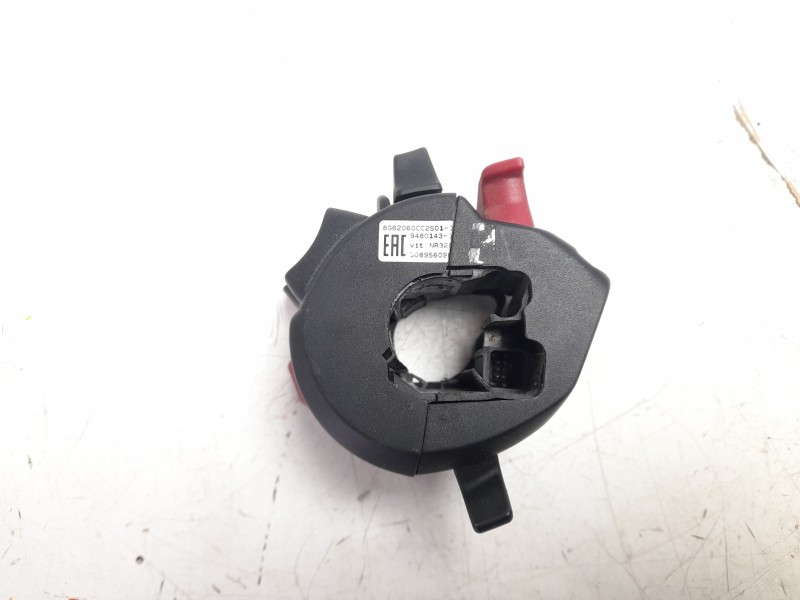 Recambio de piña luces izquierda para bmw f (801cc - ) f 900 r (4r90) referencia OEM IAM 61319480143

·····

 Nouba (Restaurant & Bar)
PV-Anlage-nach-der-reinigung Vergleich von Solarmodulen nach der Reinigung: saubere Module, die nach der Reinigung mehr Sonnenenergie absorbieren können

·····

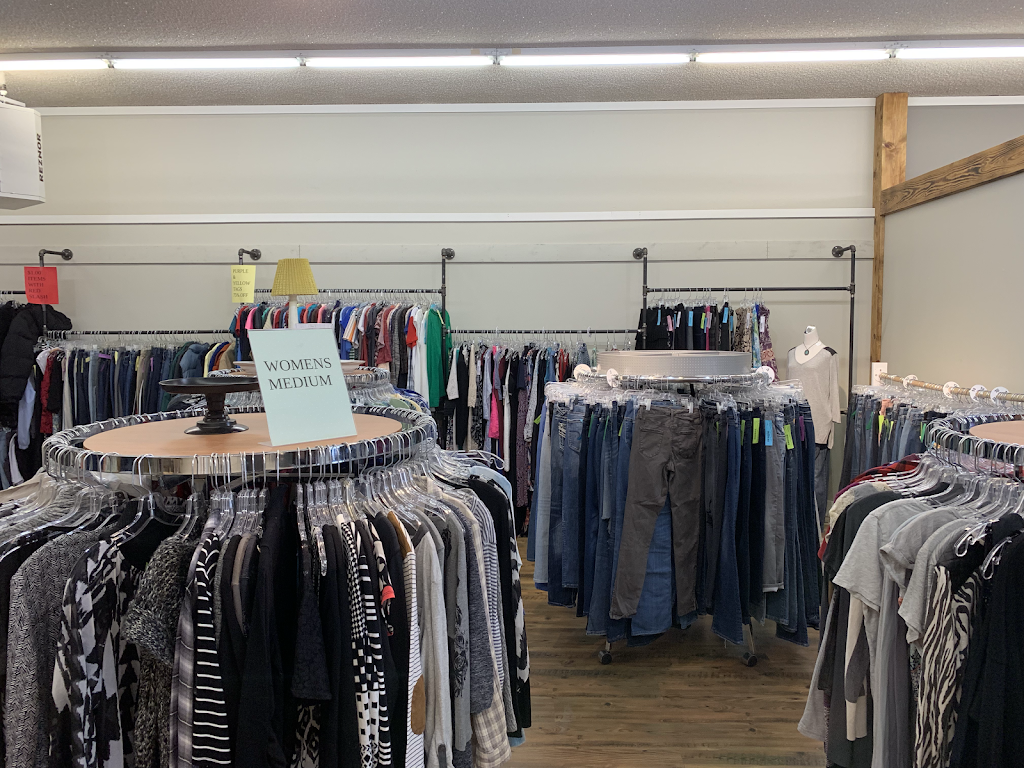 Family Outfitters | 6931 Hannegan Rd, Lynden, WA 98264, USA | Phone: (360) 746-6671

·····

▸ **What to work on**: All that should be written out is the stretch of lines above between the one holding "Nouba (Restaurant & Bar)" and the one holding "PV-Anlage-nach-der-reinigung Vergleich von", inclusive, exactly as given.

▸ **Result of the exercise**:
 Nouba (Restaurant & Bar)
PV-Anlage-nach-der-reinigung Vergleich von Solarmodulen nach der Reinigung: saubere Module, die nach der Reinigung mehr Sonnenenergie absorbieren können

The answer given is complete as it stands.